Professors Kenneth Wexler (MIT) and Peter W Culicover (Ohio State University) in their book, Formal Principles of Language Acquisition (1983):
It is therefore necessary to ask if negative information is in fact available to a language learner. It is clear that parents do not simply labeled nonsentences to children in a systematic manner; no parents (or other speakers) say "Here is a sentence, and it is ungrammatical, and here is another one, and it is ungrammatical, and here is a third, which is grammatical." Even as a first step in looking for the existence of negative information we have to turn to the concept of correction, the concept that when the child produces an ungrammatical sentence, he is somehow informed that the sentence is somehow ungrammatical. The child will have to have some abilities of preanalysis in which some kind of event is translated into the information that the sentence he has spoken is ungrammatical. If some event can result in the learner's deciding that a sentence is ungrammatical , we can call this negative information. Of course this interpretation is consistent with the general need for preanalysis.
The question therefore becomes: Is the child corrected when he produces an ungrammatical sentence? (37) In the opinion of those who have studied the corpuses of of children's speech, there seems to be very little of this kind of feedback. [...] Brown and Hanlon (1970) analyzed a corpus of mother-child interactions and measured the proportion of nonapproval responses of the mother to "primitive" (ungrammatical) and to well-formed expressions of the child, and found no significant difference between the two proportions; mothers did not differentially disapprove grammatical and ungrammatical sentences. Brown and Hanlon also considered the possibility that a more subtle process of correction was going on than approval or disapproval, namely, that the child was understood more readily when he uttered a grammatical sentence than when he uttered a primitive sentence. In other words, the learner would have to translate noncomprehension by the listener into into an assumption that his sentence was ungrammatical. To examine this question Brown and Hanlon measured the proportion of times that mothers produced comprehending responses to grammatical and primitive sentences and again found no significant differences. Mothers seemed to understand ungrammatical sentences about as well as grammatical ones. The investigators pointed out that, in fact, what parents correct are semantic mistakes, not syntactic ones.

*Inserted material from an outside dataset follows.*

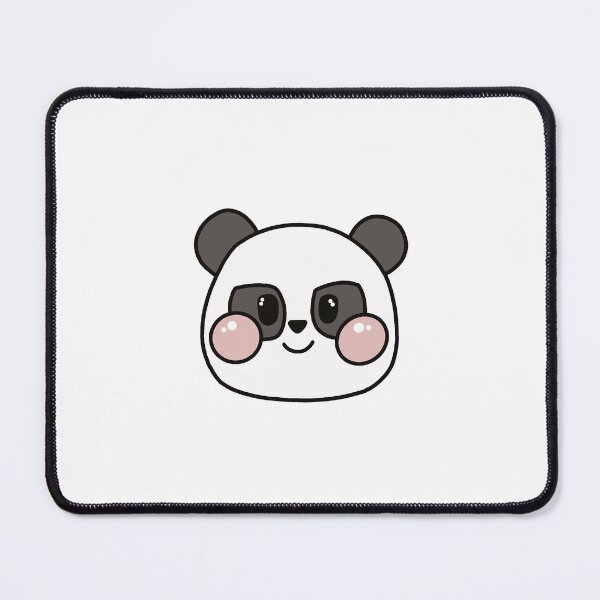 Aperçu de l'œuvre Panda Kawaii créée et vendue par PinkieLotus.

This evidence is only partial, of course. For example, it might be that mothers try especially hard to understand children's utterances, whereas other adults and children differentially understand grammatical and ungrammatical utterances. There is much room for empirical research on these questions, but Slobin (1972) claims that in the many societies the Berkeley group has studied there is no evidence that children are corrected for ungrammatical utterances. Pp.64-65.
37. Even if the child is corrected, there is no reason to believe that he takes note of the correction in a way useful for language acquisition. Consider the mother-child interaction reported in McNeill (1966, 69):
Child: Nobody don't like me. Mother: No, say "Nobody likes me." Child: Nobody don't like me. [... Eight repetitions of this dialogue ...] Mother: No, now listen carefully; say "nobody likes me." Child: Oh! Nobody don't like me.
R Brown & C Hanlon. 1970. "Derivational Complexity and the Order of Acquisition of Child Speech" in JR Hayes Cognition and the Development of Language.
D McNeill. 1966. "Developmental Psycholinguistics" in F Smith a GA Millers The Gensis of Language.
D Slobin. 197. "Children and Language: They Learn the Same Way All Around the World" in Psychology Today 6, 71-82.
It seems obvious to me, but perhaps it is not to others, but corrective feedback cannot happen before at least some part of the L1 grammar has been learned. An important question is how much of the grammar needs to be learned before corrective feedback might become useful. My feeling, without evidence or study, suggests more than the babbling stage and yet before the complete grammar has been learned. Another important question is how faulty grammar rules are learned? I see several possibilities:
1. The child generates a normalized form to cover a situation where the grammar has an exception, e.g., the child says gooder rather than using the suppletive form better.
2. The child learns a rule of grammar by being exposed to speakers whose dialect is not the standard which the parents wish the child to learn. That is, there are two different grammars, the one being learned by the child and the one the parents want the child to learn for matters of prestige or economics.
Some might believe that the child simply makes a sort of random mistake which is possible. Even fluent native speakers make grammatical errors or typos, slips of the tongue, etc. I just don't see any evidence (yet!) that infelicities of this sort would lead to verbal anarchy. To be able to communicate with one's peers one would learn the grammar that describes the language they are speaking. If this dialect differs slightly from the previous generation's or the standard (as embodied not in a reference grammar, but in the preferred texts of the speech community, i.e., its literature), there is very little chance of total confusion of the sort that the phrase "verbal anarchy" would suggest.